Shortly after the death of my mother, I found myself sorting through a box of negatives that had been taken when she was a young woman, before she was my mother. While handling these fragile objects I was driven by a desire to “do something” with them. Rather than attempting to make something that would impose an imperfect interpretation, I choose to represent them as the objects they are and present them “as is.” By scanning the negatives as objects rather than as images, I intentionally betray one of the basic premises of photography, that it describes. The scanner records the film as itself and reveals only faint shadows of the images they hold. Fingerprints and scratches, on both the film and the scanner bed, hold the traces of those that have touched them over time. I choose to obfuscate what was originally depicted, blocking access to its contents and relieving them from the burden of holding a memory; a memory now impossible to recall. A certain form of erasure occurs while a new narrative emerges. I do this because I feel I cannot speak for what these images meant to my mother and yet I have a desire to represent them none the less.

They say that at the end of life, the beginning returns. The two darknesses merge and the distance between the two collapses. If sorrow and beauty are connected, it may lie within the texture of longing.

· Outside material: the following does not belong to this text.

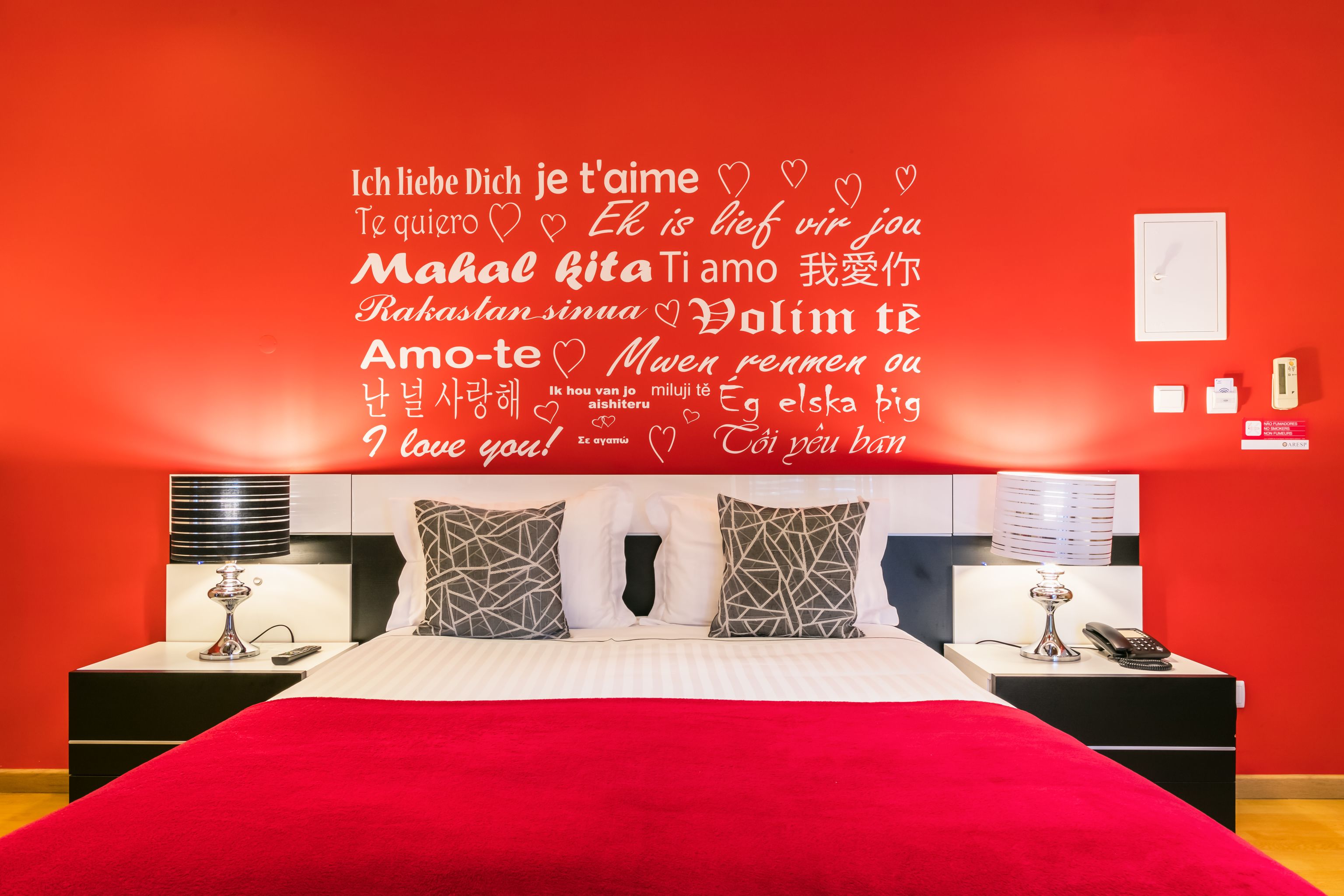 Habitación de hotel con pared roja, cama con manta roja y pared decorada con citas de amor en varios idiomas.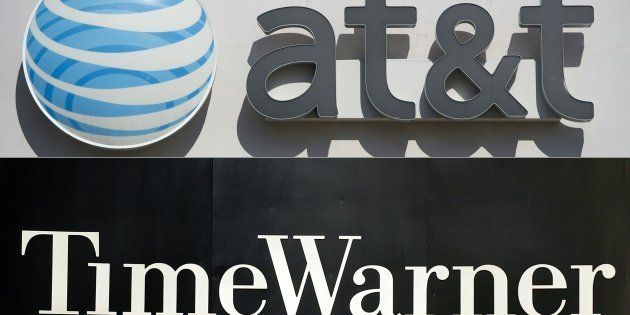 (COMBO) This combination of pictures created on October 21, 2016 shows AT&T cellphone store in Springfield, Virginia, on October 23, 2014. And the Time Warner company logo on the front of the headquarter building, 24 November, 2003, in New York. AT&T is in 'advanced talks' to acquire entertainment group Time Warner in a move to add in-house content to distribution services, The Wall Street Journal reported on October 21, 2016. AT&T could seal the deal 'as early as this weekend,' the Journal said, citing people familiar with the matter. / AFP / SAUL LOEB AND STAN HONDA (Photo credit should read SAUL LOEB,STAN HONDA/AFP/Getty Images)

This project, for me, becomes a mapping of that empty space, the presence of absence.

This project is a continuation of my investigation into the medium of photography itself, specifically, its materials and the meanings we expect photographs to possess. I seek to make visible photography’s particular conditions of representation and the instability of meaning in any representation while playing within the gap between abstract and representational depiction.